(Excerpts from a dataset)
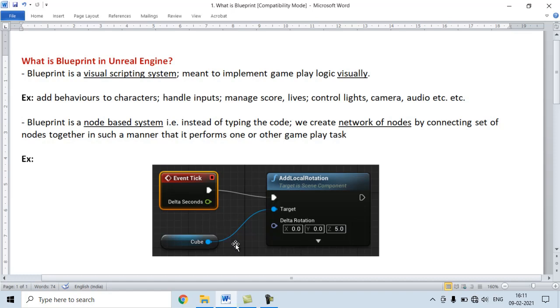What does this network of nodes do? It rotates the given cube around the z-axis 5 degrees per frame. So in a node-based system, we don't type any code.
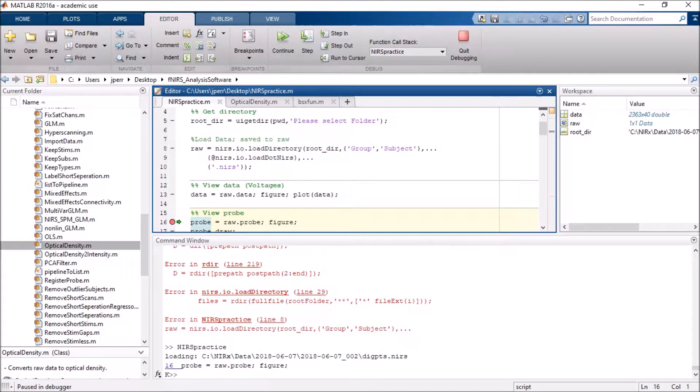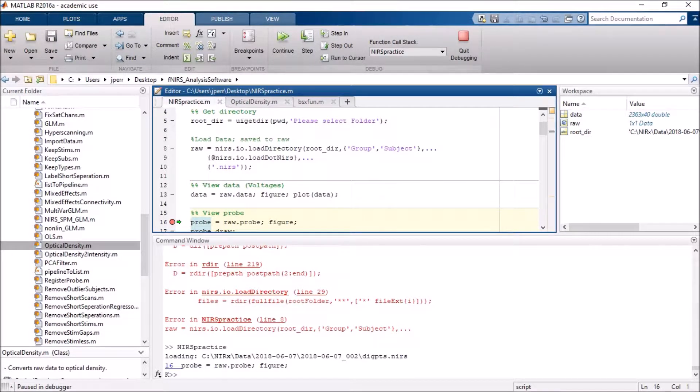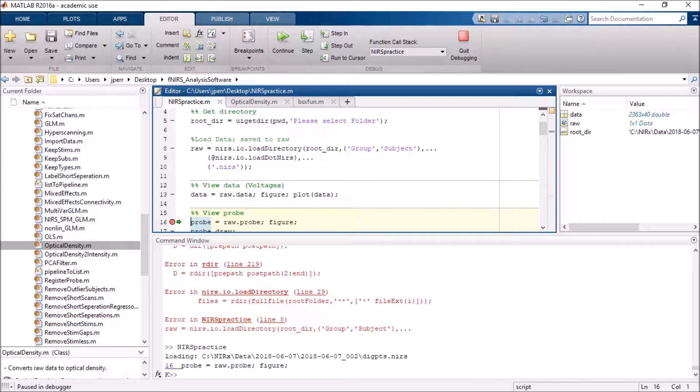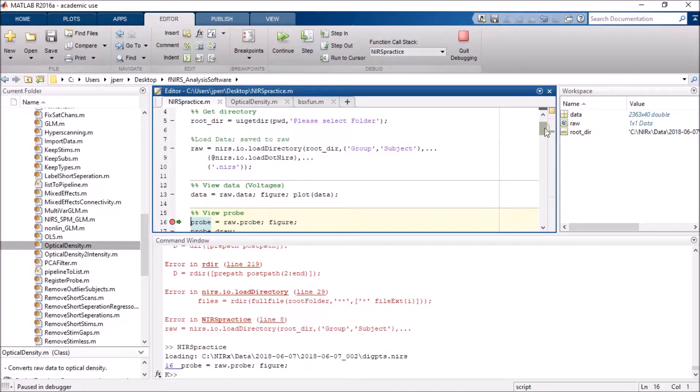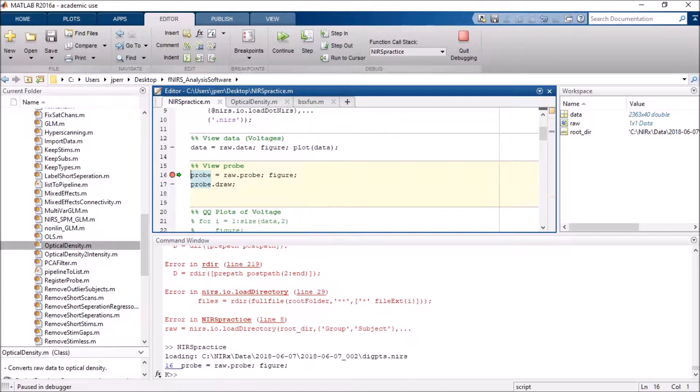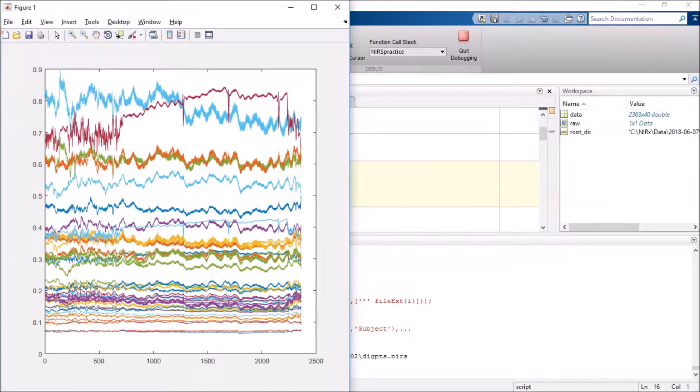So I've already translated my format to the .nears format, and it's going to use the load.nears function, and it's going to be looking for a .nears file. From there I designated my data to be the raw data, I actually then plotted my data, which you will see here.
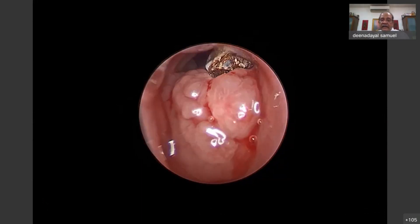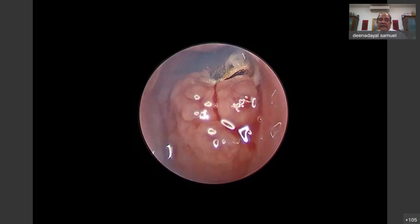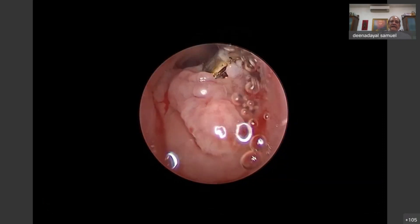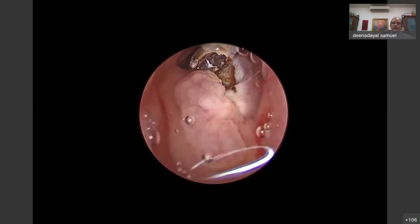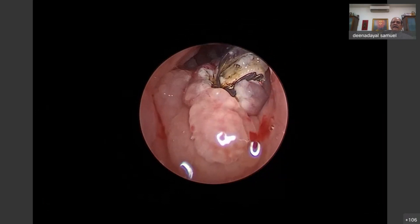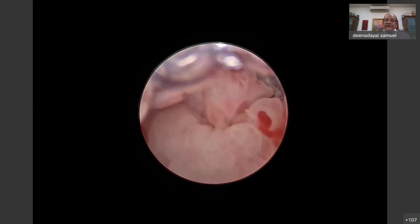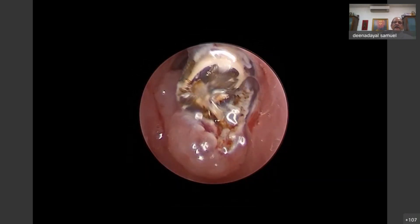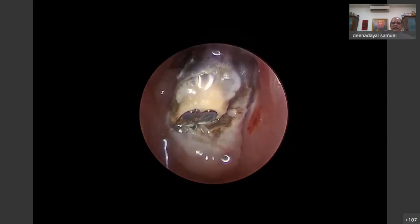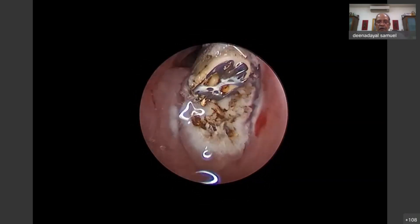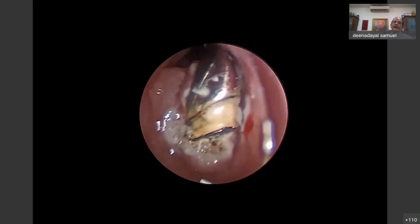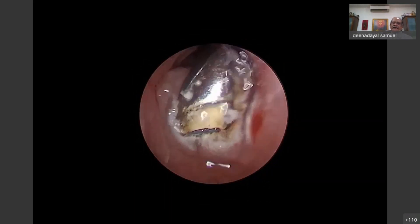A 3mm zero-degree scope is placed transnasally after decongesting, and the adenoid is visualized through the nose — in this case from the left corner. The wand used is a Procise Max wand, which compared to an Ibex wand is more aggressive. For removal of the coronal type of adenoid where there is maximum coronal adenoid, this wand is much more helpful than Ibex and does a faster job.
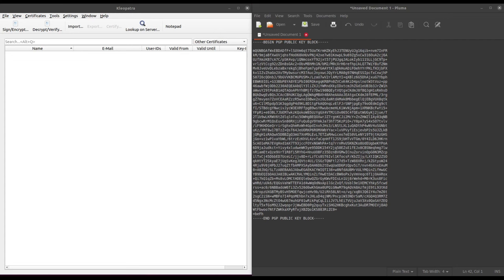So for those who might not know, PGP, or Pretty Good Privacy, is used for encrypting and decrypting messages or files using a combination of a public key for encrypting and a private key for decrypting.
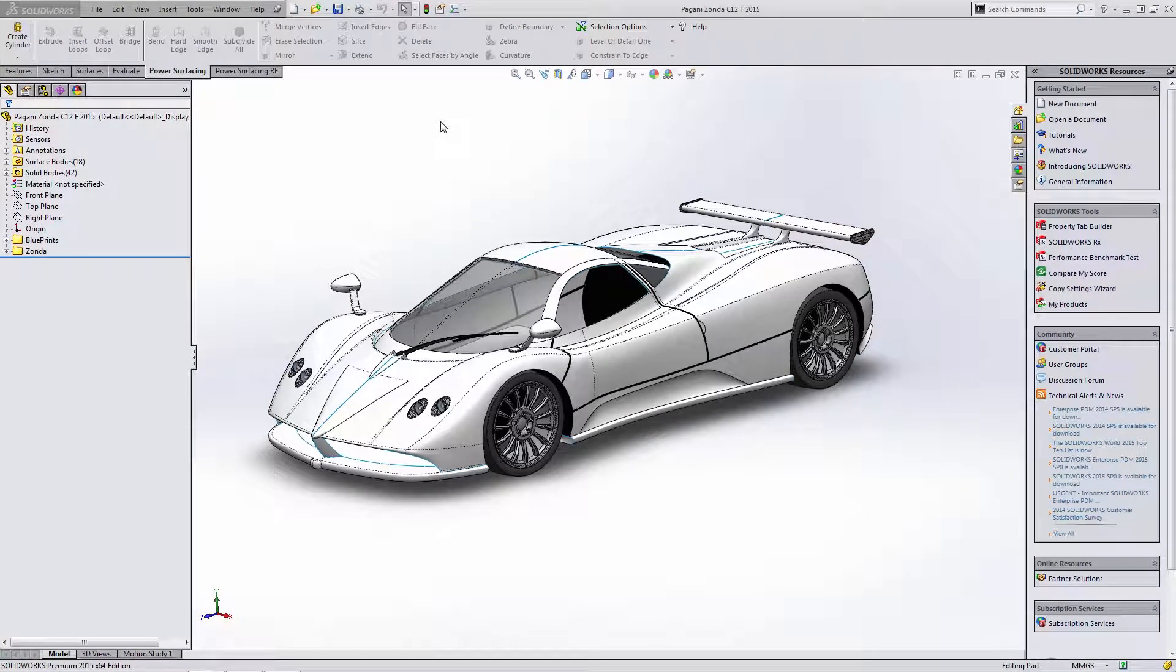Hey everyone, this is Matt Perez with SolidBox and today we're going to take a look at Power Surfacing 2.0 Beta and we want to focus on existing SolidWorks geometry.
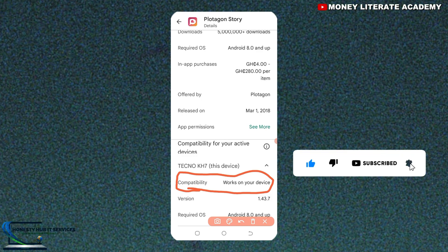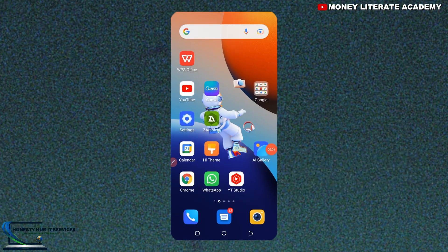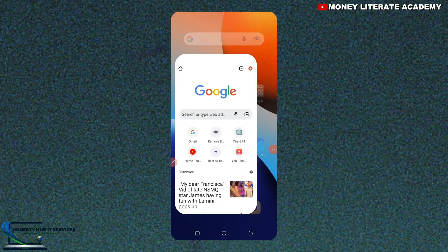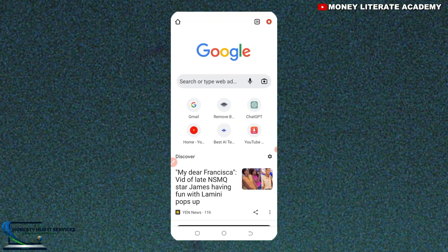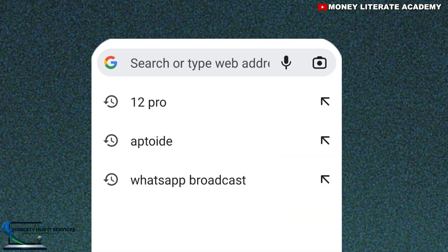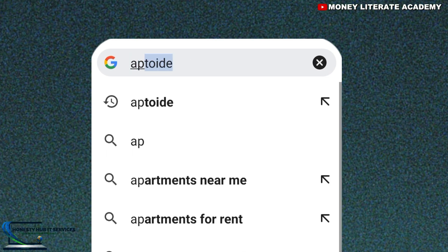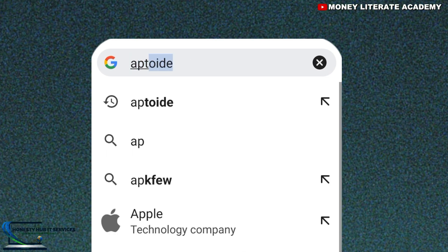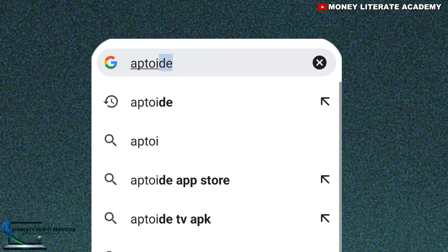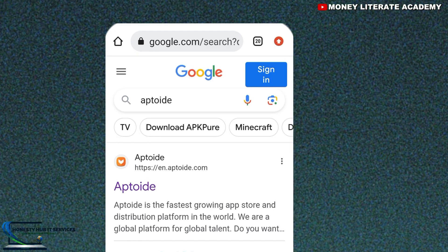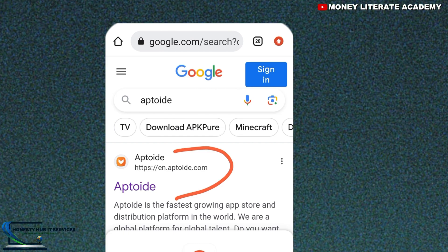So that is why I want to show you another alternative. First of all, you launch your Chrome browser, then you go to Google and search for Aptoide. You can see Aptoide.com — select on it.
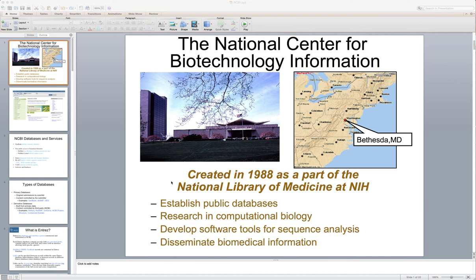Hi, welcome back. This is a video lecture established at the National Center for Biotechnology Information, or NCBI. NCBI is located in Bethesda, Maryland. Here is the headquarters. It was created in 1988 as a part of the National Library of Medicine at NIH. What it provides is a public database with all kinds of computational tools, which is freely accessible on the Internet.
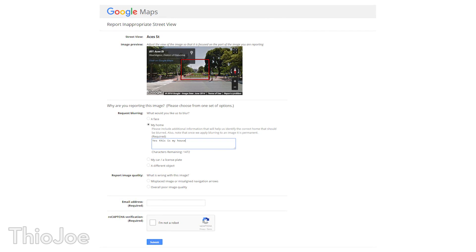You select that option, then select a little area of where your house actually is, type in the form why exactly you want it blurred, and describe the house so it's the correct one.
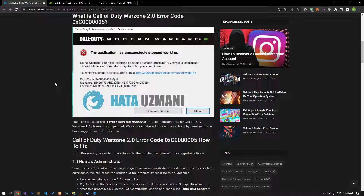Hello everyone, welcome to the Bug Expert channel. In this video, we will talk about solutions for friends who encounter the Call of Duty Warzone 2.0 error code. The exact cause of this error is not specified.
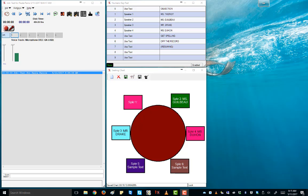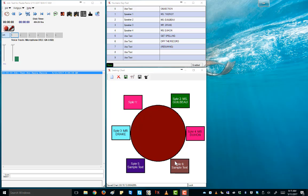Okay, this is the Digitran Lite record screen, and this is what we call the numeric keypad up here to the upper right, and to the lower right, this is the seating chart. These are mechanisms for marking during takedown.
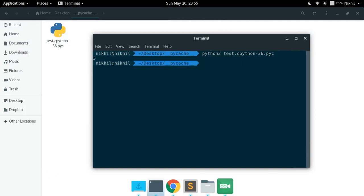So this is how you run pyc files, and it is completely the same as running simple Python scripts. I hope it is clear. That's it from this video. Thanks for watching.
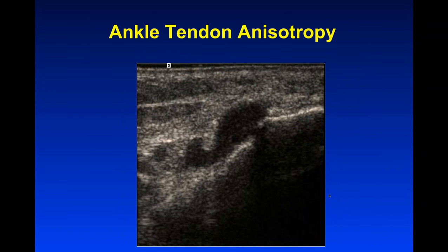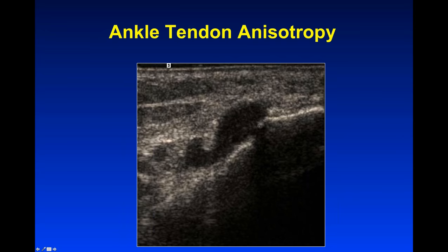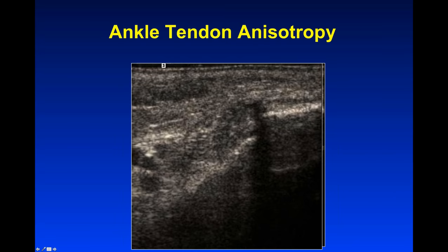It's also important to realize that anisotropy can occur on transverse images. This is an example of a transverse view at the medial ankle — our sonography students may encounter something that looks like this and get confused during a DVT study. When we rock the probe, however, we can see these dark areas fill in with the typical brush pattern. What we're seeing is an anisotropic posterior tibial tendon and flexor digitorum longus tendon, easily corrected by tilting the probe. This is not a DVT.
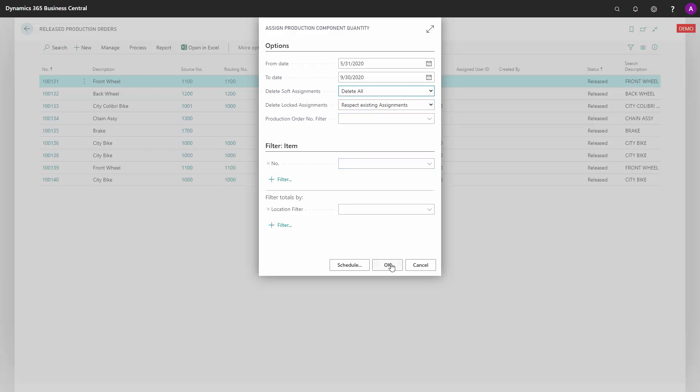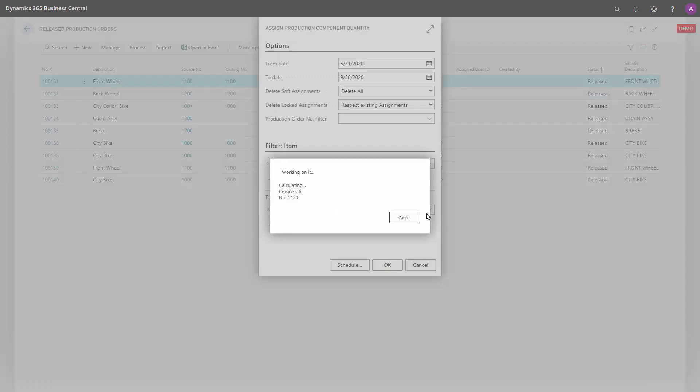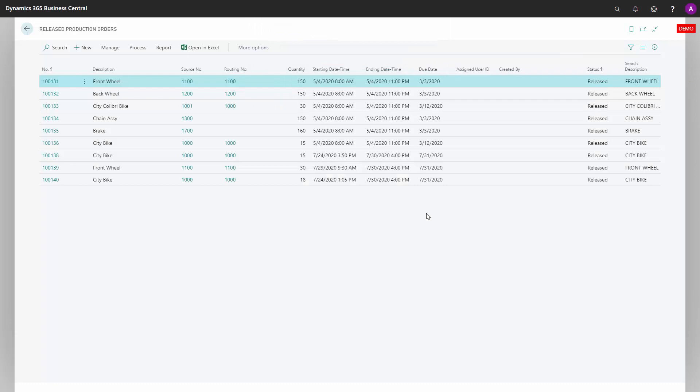When you press OK, it runs through all the released production orders and assigns to the components on those production orders. This will recreate the assignment with the possible quantities that you have.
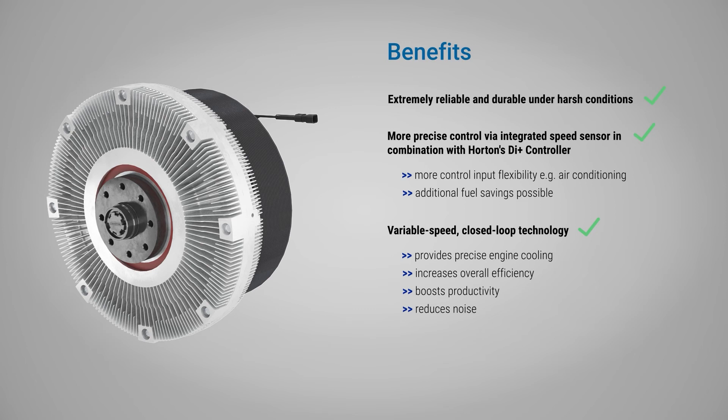The RCV high-horsepower fan drives were designed to minimize parts. This leads to less complexity and reduced costs.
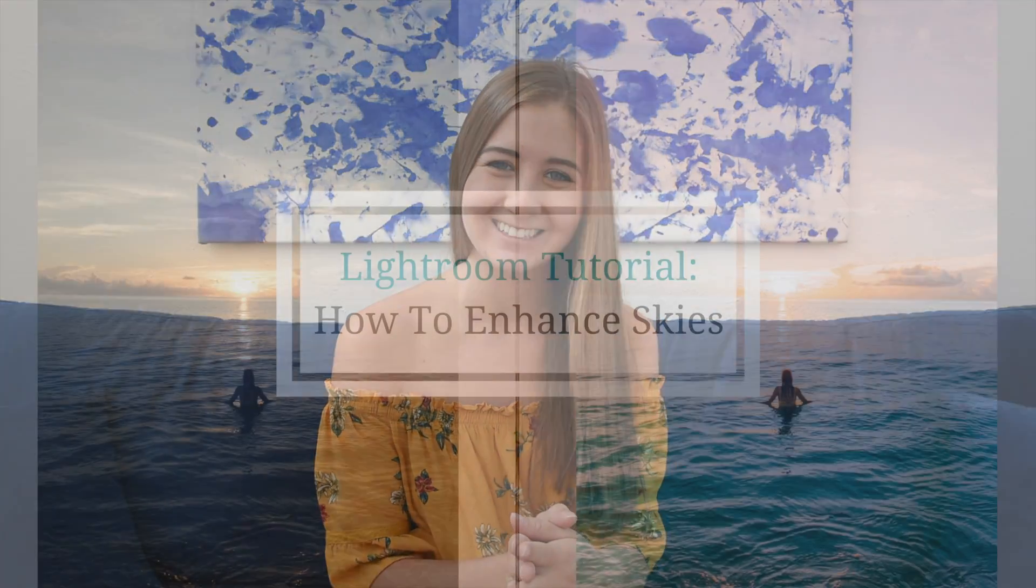Hey guys, my name is Angie, aka The Lovely Escapist, and today I'm going to show you how to edit and enhance skies using Lightroom. No Photoshop necessary. Hope you enjoy.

:: Your task ::
Your answer must consist solely of the lines from the one containing "The RCV high-horsepower" through the last line of the records above, copied exactly, with every picture left out.

:: Task result ::
The RCV high-horsepower fan drives were designed to minimize parts. This leads to less complexity and reduced costs.
Hey guys, my name is Angie, aka The Lovely Escapist, and today I'm going to show you how to edit and enhance skies using Lightroom. No Photoshop necessary. Hope you enjoy.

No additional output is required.